Another significant civil rights movements within America has been the emergence of homosexual men and women into the political life. Until the late 1960s and early 1970s, gays and lesbians tended to keep quiet about their sexual preferences since to expose themselves usually meant facing harsh consequences. The movement for expanded gay rights traces roots back to 1969, when New York City police raided the Stonewall Inn in Greenwich Village. The precise number of homosexuals is unclear. The gay and lesbian community claim numbers of 10 percent. But other estimates are much lower. Some estimate that 2.8 percent of men and 1.4 percent of women identify themselves as homosexual or bisexual. Regardless of its overall size, the homosexual community has become a vocal political force within larger cities like San Francisco. Both the Democratic and Republican parties have gay members in Congress. The political agenda for gays and lesbians has consisted of fighting discrimination on many different fronts. In several cities and among some employers, gays and lesbians have been able to secure health care coverage and other benefits for their domestic partners. Statutes protecting sexual orientation in housing, employment, and marriage have been passed in some states. Some recent judicial decisions have recognized the right of gays to be protected against laws banning private homosexual relations and denying homosexuals a right to marry.
Some Compelling Questions
One of the central questions of American politics asks how civil rights and equality are protected under the Constitution? What are the rationales for protecting people from unreasonable government discrimination? How do the equal protection clause of the Fourteenth Amendment and the due process clause of the Fifth Amendment guarantee equality of treatment from public officials? How has the Constitution and civil rights statutes been used to prohibit discrimination within the private sector?

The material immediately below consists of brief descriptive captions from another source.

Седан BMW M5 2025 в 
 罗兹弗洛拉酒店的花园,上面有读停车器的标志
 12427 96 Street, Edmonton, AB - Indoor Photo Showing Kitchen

Another central question of American politics asks whether every person has been accorded equal treatment under the law? How have political, social, and economic opportunities for white men been markedly different for Native, Black, Asian, and Hispanic Americans? How do policies promoting equality of opportunity, equality of condition, and equality of outcome attempt to redress inequities? How should cases of reverse discrimination against white males be treated under the Constitution?